I want briefly to raise the work of Southall Black Sisters, which is outside my constituency boundary. It has been involved in many landmark cases that have changed the law. A well known example is that of Kiranjit Ahluwalia, whose conviction for murdering her husband in 1989 after 10 years of sustained abuse was eventually quashed in 1992. It was a case of diminished responsibility; it was retried and led to a film with the Bollywood actress Aishwarya Rai called “Provoked”—the case hinged on provocation.
As has been said, the point about geography—when people are told, “You’re in the wrong borough; you can’t access these services”—is already stymying these services. Southall Black Sisters goes further than it says on the tin: it has helped people outside the borough of Ealing—the case I have referred to was from Crawley in Sussex.
Another, similar case that Southall Black Sisters took on was that of Zoora Shah, who originally came from Bradford. She poisoned her husband while under enormous duress—depression and sustained domestic violence to her and her kid for many years. I am a member of the Select Committee on Justice, so I know that individuals find the legal system difficult, costly, protracted and adversarial. Legal aid is becoming scarcer and scarcer, so the support services that come with the refuges are absolutely vital in this day and age.
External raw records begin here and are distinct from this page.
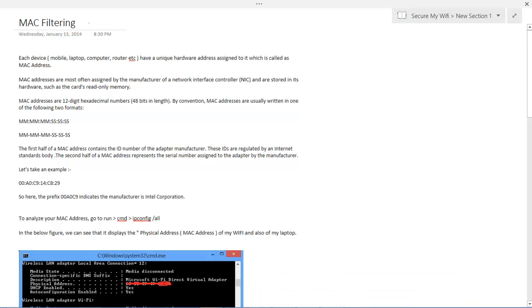Hi again, welcome to the video series of securemywifi.org. My name is Zeel and in today's lecture we will be looking into basics about media access control or MAC and MAC filtering.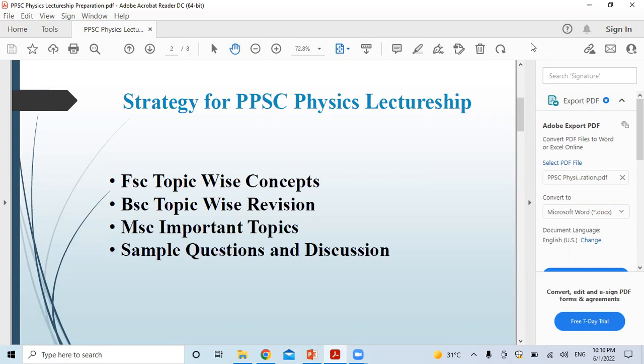Next, we will move on to MSE's important topics. MSE and PPSC — based on paper analysis — although topics are in the syllabus, there is less focus on MSE topics. So we will focus on FSC and BSC syllabus with observations. Sample questions will be available from our website or at the end of the next video.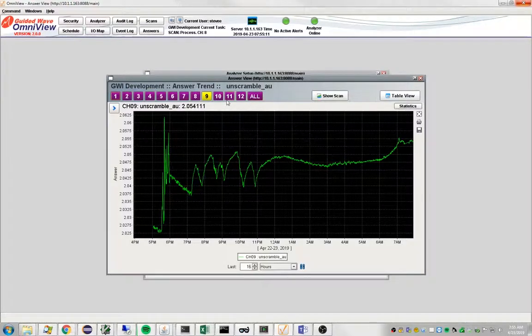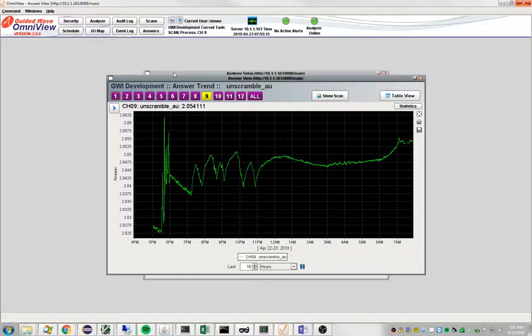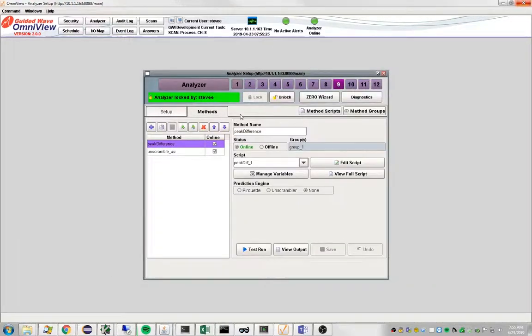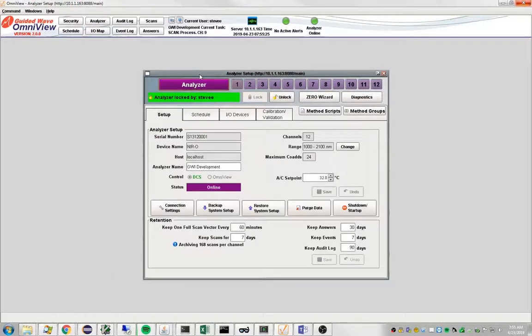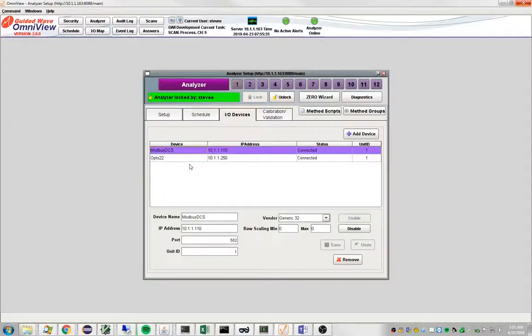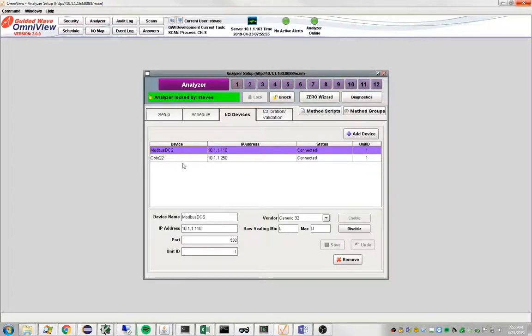Well the way you do that is by using input output. So if you go out to the analyzer and click on the IO devices tab, I have defined a couple of IO devices that I am simulating.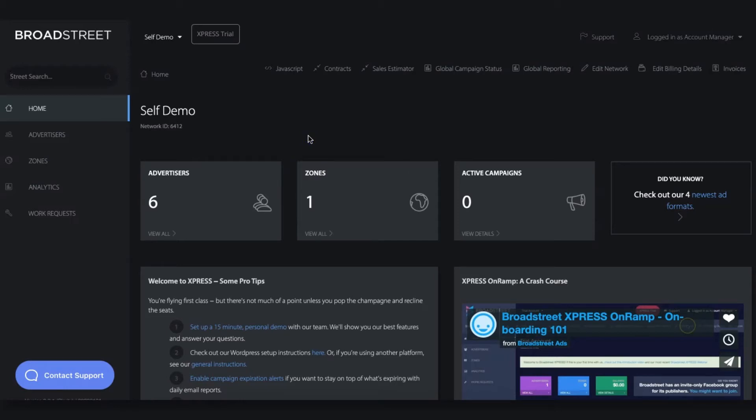After a campaign goes live, it'll begin collecting statistics like impressions, hovers, and clicks.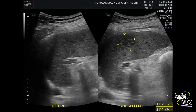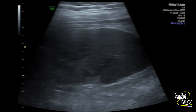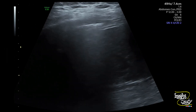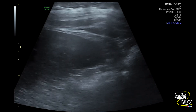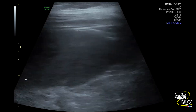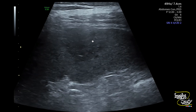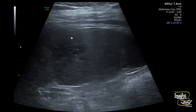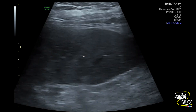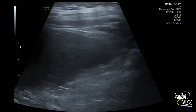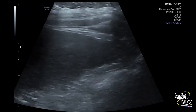As this structure is superficial, let's use a linear transducer. Here's the linear transducer view. You can see the hypoechoic area with the internal bright band sign. This image may not be so clear, so we need to change the contrast a little bit.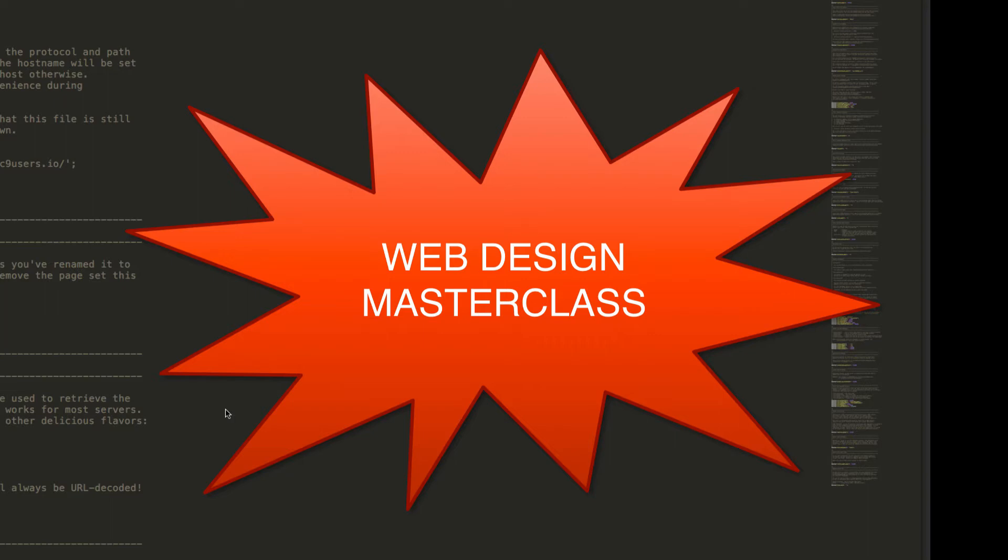When you're building a website or a web application, I'm talking about those early stages when you're coming up with a design. How do you choose colour schemes and what about usability, layout, headlines, and all of that stuff?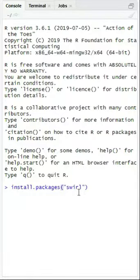Step 1. Enter the following command into the console. Once you have entered this command into the console, click enter.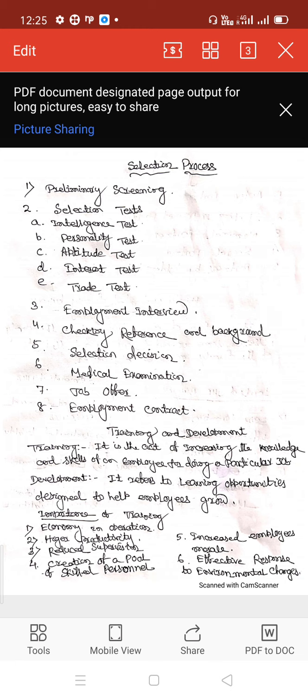Job offer: at this stage, a job offer is made to the selected candidates. The offer is made through a letter of appointment. Sometimes candidates are required to confirm their willingness to join the job.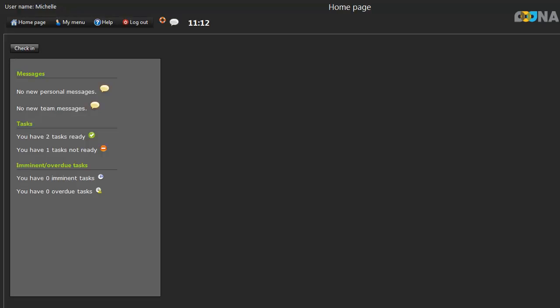Welcome to another Translation Manager Help tutorial. This lesson will talk about checking in and out, uploading your work to the system, and marking your work as complete.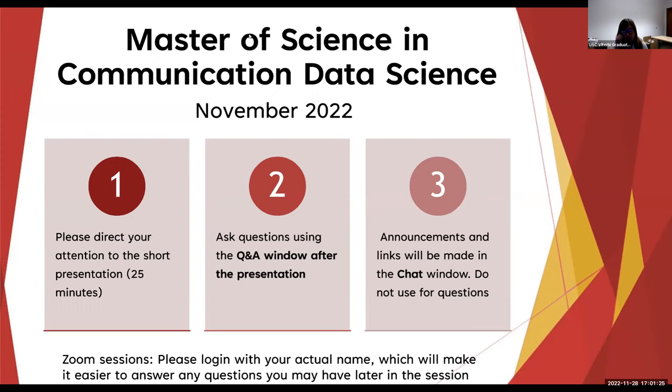Hi, everyone. My name is Kami. I'm with the School of Engineering at the University of Southern California. Thank you so much for being here today.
The caps on housing benefit, cutting rents in social housing—all these things are having a cumulative effect. In my constituency, we have a YMCA foyer, which my hon. Friend the Member for Ealing North (Stephen Pound) and I opened with great fanfare. It will have to close its doors because it is not getting the rising rents that its whole business plan is based on. My hon. Friend the Member for Birmingham, Yardley (Jess Phillips) put it very well when she talked about the cumulative effect of all these crazy policies that pick on the most vulnerable in society. It is ill-advised, costly, crude and nothing short of cruel.
These services are now condemned to closure. Only the month before last, we celebrated International Women’s Day in this place. The Minister needs to reverse the cuts to allow women to live with dignity. That is all we are asking. How can any Government allow such a state of affairs to continue, relentlessly pursuing these swingeing cuts that are decimating support services for women suffering domestic violence? Opposition Members have made the case for ring-fencing and statutory obligations so that funding is protected. We also need the abolition of “no recourse to public funds”, whereby, someone’s legal status means they are not allowed to access services. That straitjacket should not apply. It is a moral case, if nothing else.
We have seen U-turns on a range of Government policies. Just in the last week—on the day I asked a question about it at International Development questions —a U-turn on child refugees was announced. We had a debate about education in London, and everyone was talking about the idiocy of the forced academisation programme; two days later, that had gone. Let us hope that history repeats itself. The Minister is a reasonable man, and he must listen. This issue must be next on the list.
We are doing well on time, all of a sudden. We have more than 30 minutes. If the Opposition Spokespeople can keep within 10 minutes, there will be more time for interventions on the Minister —we want democratic accountability—and perhaps for Julie Cooper to wind up.